An eye exam involves a series of tests to evaluate your vision and check for eye diseases. Your eye doctor is likely to use various instruments, shine bright lights at your eyes and request that you look through an array of lenses. Each test during an eye exam evaluates a different aspect of your vision or eye health.
This test evaluates the muscles that control eye movement. Your eye doctor watches as your eyes follow a moving object, such as a pen or small light. Afterwards, he looks for muscle weakness, poor control or poor coordination.
This test measures how clearly you see. Your doctor asks you to identify different letters of the alphabet printed on a chart or a screen positioned some distance away.
Each eye is tested separately. Your near vision also may be tested, using a card with letters held at reading distance.
Light waves are bent as they pass through your cornea and lens. If light rays don’t focus perfectly on the back of your eye, you have a refractive error. That can mean you need some form of correction, such as glasses, contact lenses or refractive surgery, to see as clearly as possible.

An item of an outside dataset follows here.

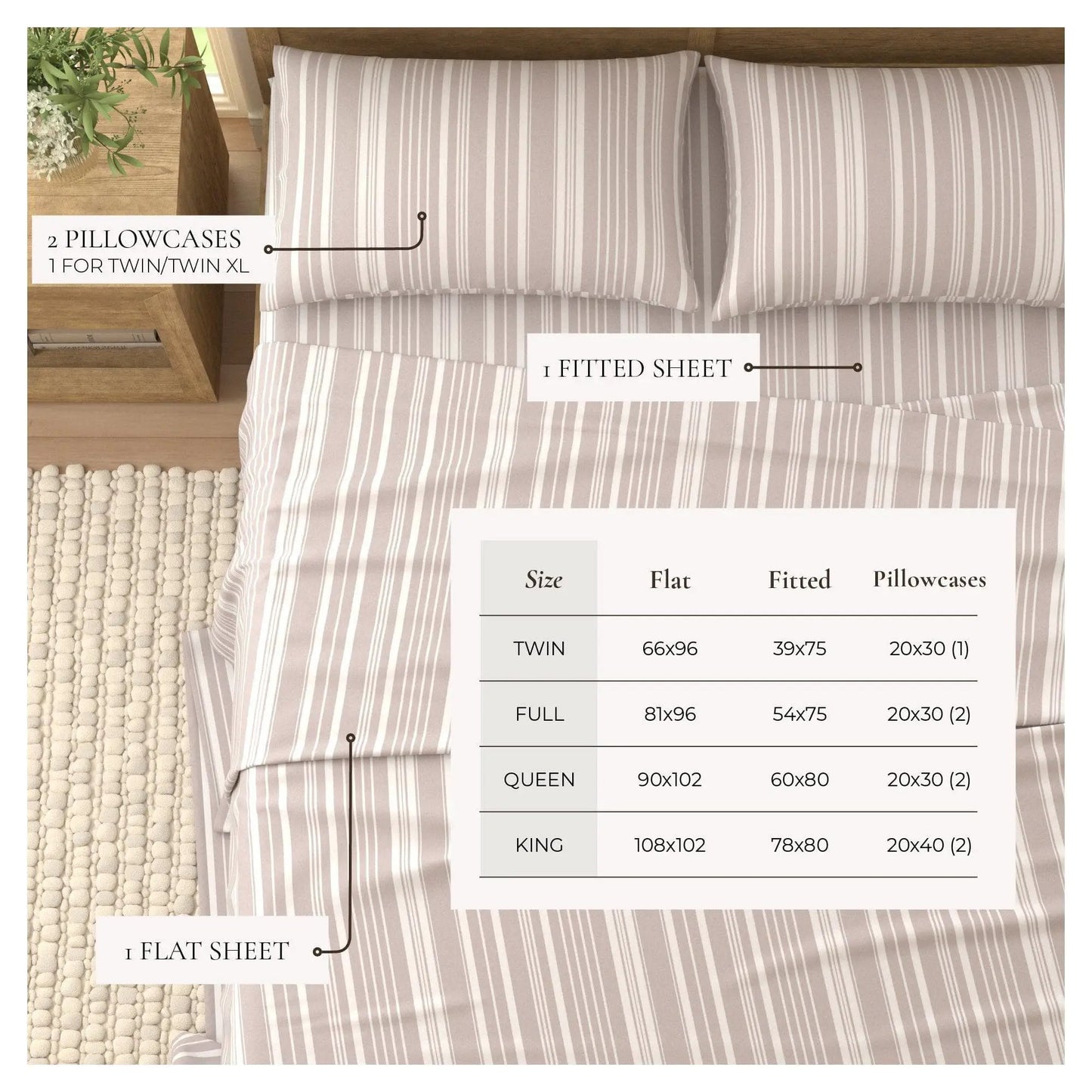 Striped Sheet Set - Elouise Collection from PriceLows™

Assessment of your refractive error helps your doctor determine a lens prescription that will give you the sharpest,
most comfortable vision. The assessment can also determine that you don’t need corrective lenses.

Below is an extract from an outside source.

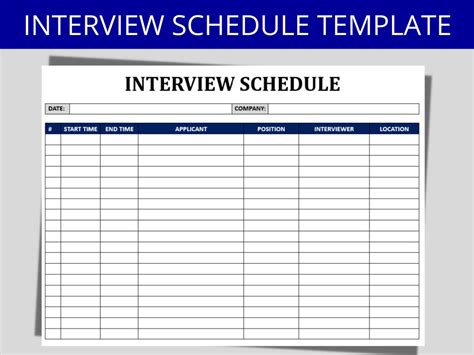 Interview Schedule Template Editable Word Form HR Template Human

Your doctor may use a computerized refractor to estimate your prescription for glasses or contact lenses. Or he or she may use a technique called retinoscopy. In this procedure, the doctor shines a light into your eye and measures the refractive error by evaluating the movement of the light reflected by your retina back through your pupil.

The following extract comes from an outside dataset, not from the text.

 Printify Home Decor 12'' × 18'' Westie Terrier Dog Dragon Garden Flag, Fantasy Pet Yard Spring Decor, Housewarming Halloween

Your eye doctor usually fine-tunes this refraction assessment by having you look through a masklike device that contains wheels of different lenses (phoropter). Afterwards, he asks you to judge which combination of lenses gives you the sharpest vision.
A slit lamp is a microscope that magnifies and illuminates the front of your eye with an intense line of light. Your doctor uses
this device to examine the eyelids, lashes, cornea, iris, lens and fluid chamber between your cornea and iris.
Your doctor may use a dye, most commonly fluorescein, to color the film of tears over your eye. This helps reveal damaged cells on the front of your eye. Your tears wash the dye from the surface of your eye fairly quickly.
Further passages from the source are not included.